Illich states in his book of Conversations with David Cayley that he greatly admired Paul Goodman. He describes Goodman talking at CIDOC about the law and being interrupted and brought to tears by a woolly-red-haired young man - a self-proclaimed anarchist whom Illich had earlier discovered in the process of stuffing forks down the toilet.
We just came across the following passage in a remembrance of Goodman - written upon his death in 1972 - by Susan Sontag, who also admired him a good deal. Her full piece is available on a site that's promoting a new documentary about Goodman:
... Each time he rebuffed me and I retreated. I was told by mutual friends that he didn’t really like women as people — though he made an exception for a few particular women, of course. I resisted that hypothesis as long as I could (it seemed to me cheap), then finally gave in. After all, I had sensed just that in his writings: for instance, the major defect of Growing Up Absurd, which purports to treat the problems of American youth, is that it talks about youth, as if it consists only of adolescent boys and young men. My attitude when we met ceased being open.
Last year another mutual friend, Ivan Illich, invited me to Cuernavaca at the same time that Paul Goodman was there giving a seminar, and I told Ivan that I preferred to [c]ome after Paul Goodman had left. Ivan knew, through many conversations, how much I admired Paul Goodman’s work. But the intense pleasure I felt each time at the thought that he was alive and well and writing in the United States of America made an ordeal out every situation in which I actually found myself in the same room with him and sensed my inability to make the slightest contact with him.
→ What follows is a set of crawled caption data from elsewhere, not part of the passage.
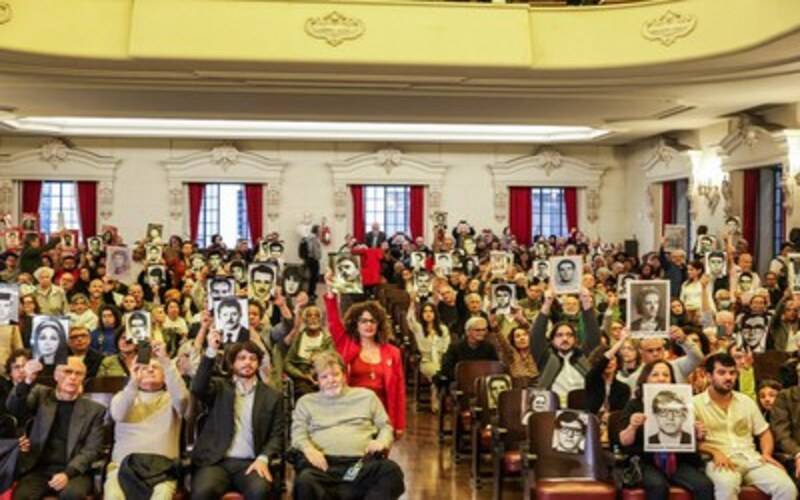 Foto: Duda Rodrigues/MDHC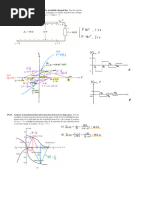 電磁二HW3 張甡源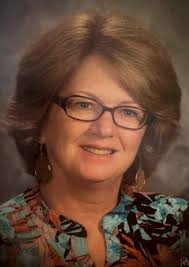 Deborah Gentry Obituary (1957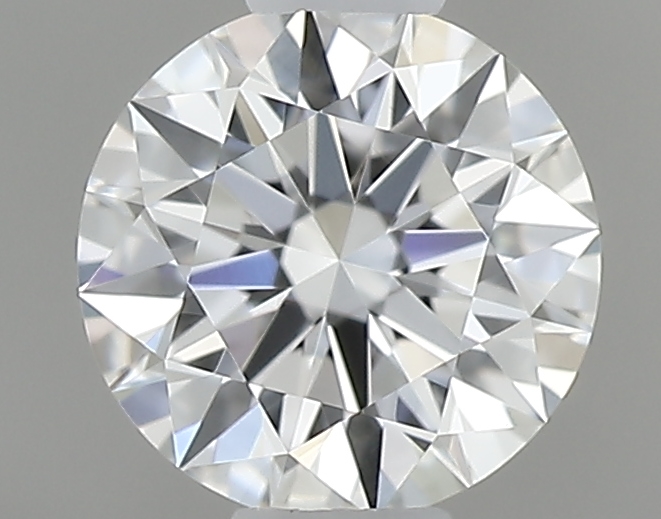 0.300ct Round
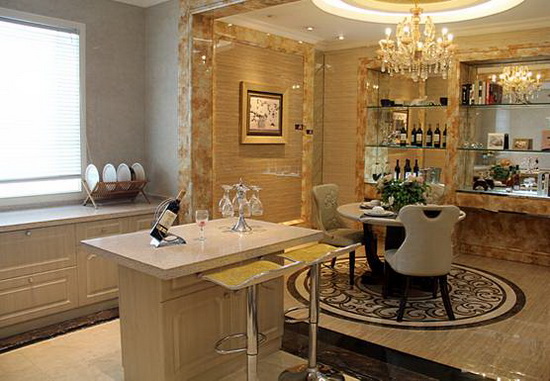 尊龙凯时官网版登录·(中国)官网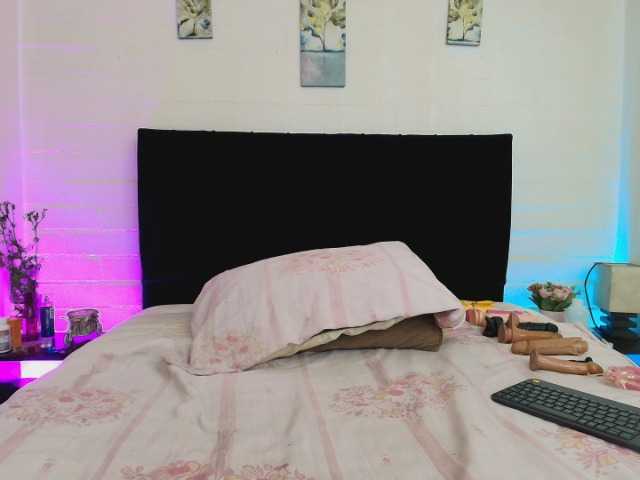 QueenMatturex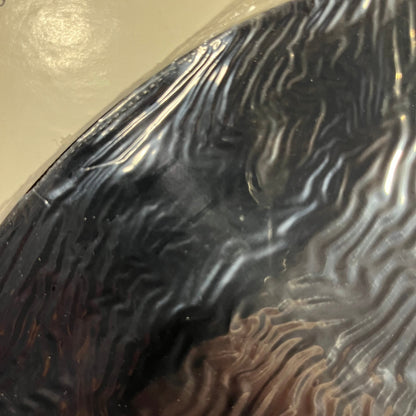 What's New Harmonicats? | Mint (M) Very Good Plus (VG+)-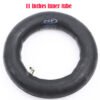 11 Inch Inner Tube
In that quite literal sense, then, not only were Paul Goodman and I not friends, but I disliked him – the reason being, as I often explained plaintively during his lifetime, that I felt he didn’t like me. How pathetic and merely formal that dislike was I always knew. It is now Paul Goodman’s death that has suddenly brought him home to me.
We never knew of Illich and Sontag's connection, but it's quite interesting that she calls him a friend. This makes sense, actually, as they must have been avid readers of each other's work. Both explored the topics of sickness and pain as well as the modern world awash in images - Illich in his history of the gaze, Sontag in her book On Photography. (We received this book as a Christmas present during college - from our mother - then read it with great relish, and have been meaning to re-read now that we are older and, perhaps, wiser. It sits on the shelf next to Janet Malcolm's Diana & Nikon, which we have heard much about but have yet not opened.) Meanwhile, the great encyclopedia in the sky informs us that David Rieff, Sontag's only child, dropped out of Amherst College and "went through a vagabond period, during which he labored for the radical Catholic priest Ivan Illich in Mexico and worked as a cab driver." He's now a political writer and analyst.